Poetry first appeared on the overhead boards of the subway in 1992. In collaboration with the Poetry Society of America, the MTA launched the “Poetry in Motion” project. The goal of the program was to bring poetry into the lives of the millions of daily subway users. After a brief hiatus from 2008-2012, the program returned and was under the auspices of the MTA Arts & Design department. The new design of the posters imposes the text of the poem over artworks installed elsewhere in MTA-governed public transit.
I first noticed the subway poetry this past summer. It was August and everything felt heavy and foreboding. The heat, the end of summer and the start of a new year all loomed over me. Stuffing myself into a crowded car, overwhelmed by the swampy air and my inability to move, I spotted a poem called “Uncertainty Principle by Dawn” by Catherine Barnett on the wall of the car. Reading the poem offered me a minor reprieve from my current environment, but it also caused all the sadness that I was feeling to surface.

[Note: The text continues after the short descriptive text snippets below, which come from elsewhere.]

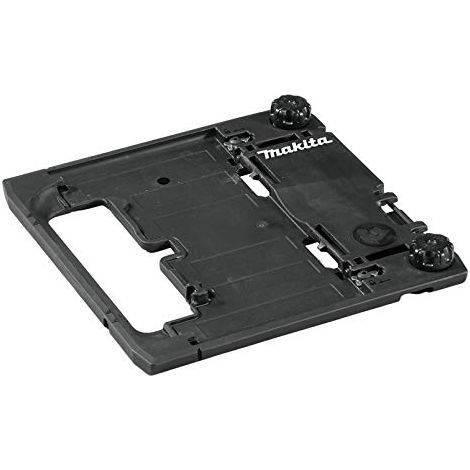 Adaptateur pour rail de guidage de scie circulaire Makita 198673-2
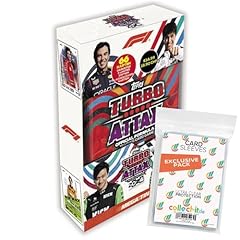Bundle mit topps usato  Spedito ovunque in Italia 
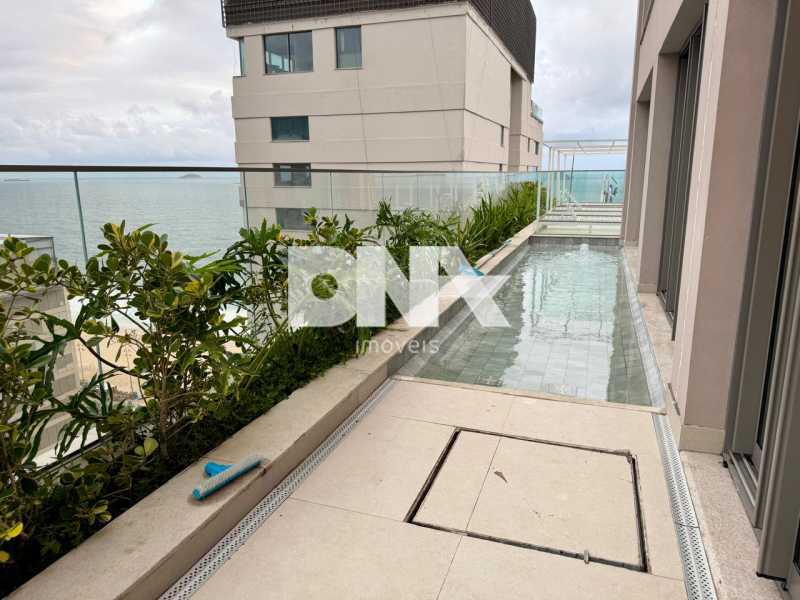 Conheça WhatsApp Image 2026-09-16 at 1 do imóvel - Apartamento à venda Rua Prudente de Morais, Ipanema, Rio de Janeiro - R$ 2.700.000 - LEAP10396 - 27 WhatsApp Image 2026-09-16 at 1 - 27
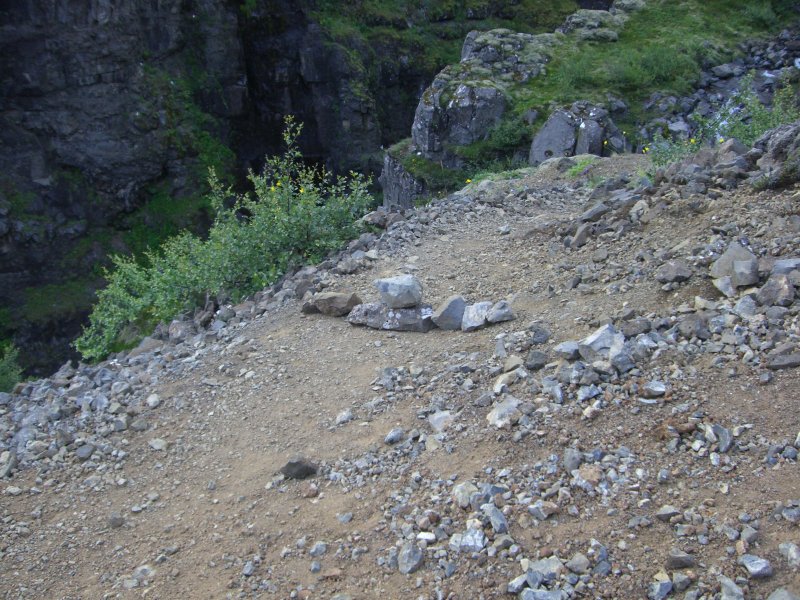 CIMG0334.JPG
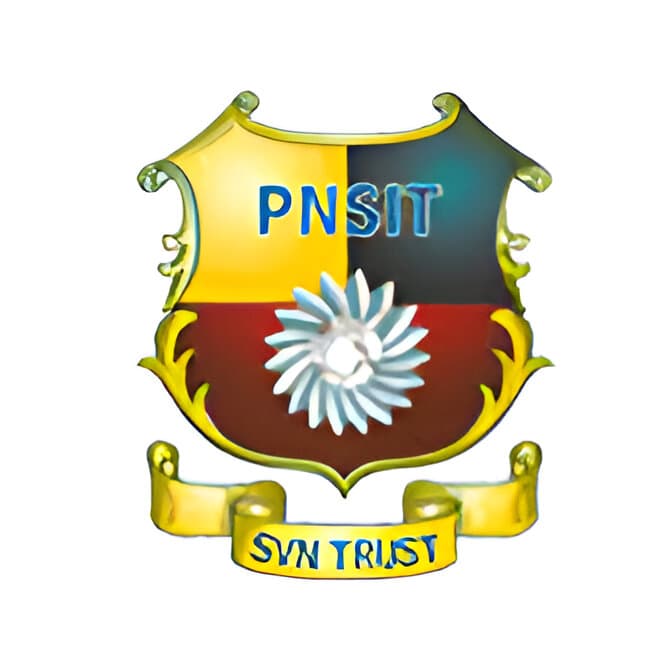 PNS Institute of Technology-image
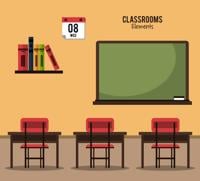 Harrison County School calendar | Local News for Harrison County |  wvnews.com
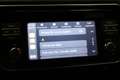 Nissan Leaf Tekna 40 kWh NAVIGATIE ADAPTIVE CRUISE CONTROL RON Groen - thumbnail 28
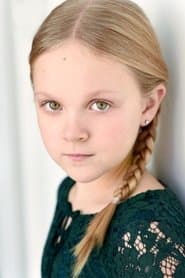 Grace DeAmicis profile photo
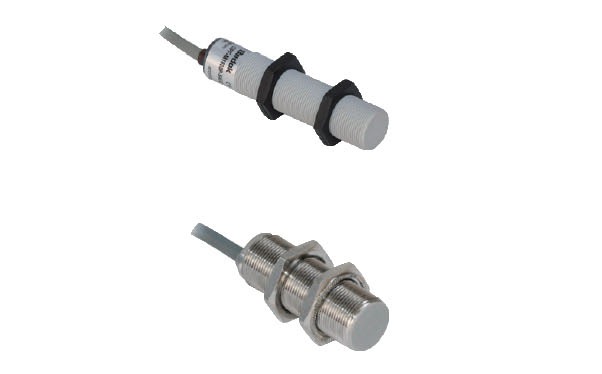 C7CF-M1808A-02L2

Minutes before entering the subway, a summer fling had come to an end, and the eleven-line poem felt emblematic of the entire experience. The poem's speaker is grappling with whether they can replace the person they have lost with new obsessions. I, having just lost something, felt like the poem was speaking to me. The power of poetry is to evoke and name some of the feelings swirling around inside us. It wasn’t only the language of the poem that spoke to me, but the uncanny environment in which we met. As Amy Hausmann, the Transit Museum’s senior curator and deputy director, said: “Poetry that is discovered in unexpected places like a crowded subway car or a city bus can provide a window into another way of thinking and feeling about the world we inhabit.”
Poetry in an unexpected place can make us feel things that we otherwise would not, Hausmann argues. However, this does not answer the most fundamental question, which is why should we interact with art while taking the subway? Does reading a ten-to-twelve-line poem lessen the drudgery and mundanity of the experience of commuting? If anything, the presence of poetry on the subway lends itself to an overly romanticized and constructed experience. You almost feel like a character in a movie who reads the right poem at the right time.
But maybe that's the point. We should indulge in a little romanticism to enhance experiences that would otherwise make us miserable. I believe that we are required to do so that we do not turn calloused and closed off. In his iconic commencement speech at Kenyon College, David Foster Wallace outlines his simple life philosophy. Wallace argues that it is crucial to remind ourselves that we are living our lives and that the current moment is not a dress rehearsal for something grander. Wallace emphasizes that we have power in how we react to the mundane things around us. Subway poetry forces us into the now and reminds us of the beauty in the current moment. Even if that moment is smelly and sweaty, you have the choice to experience it however you want. Choose wisely.
Photo Caption: Subway poetry forces us into the now and reminds us of the beauty in the current moment.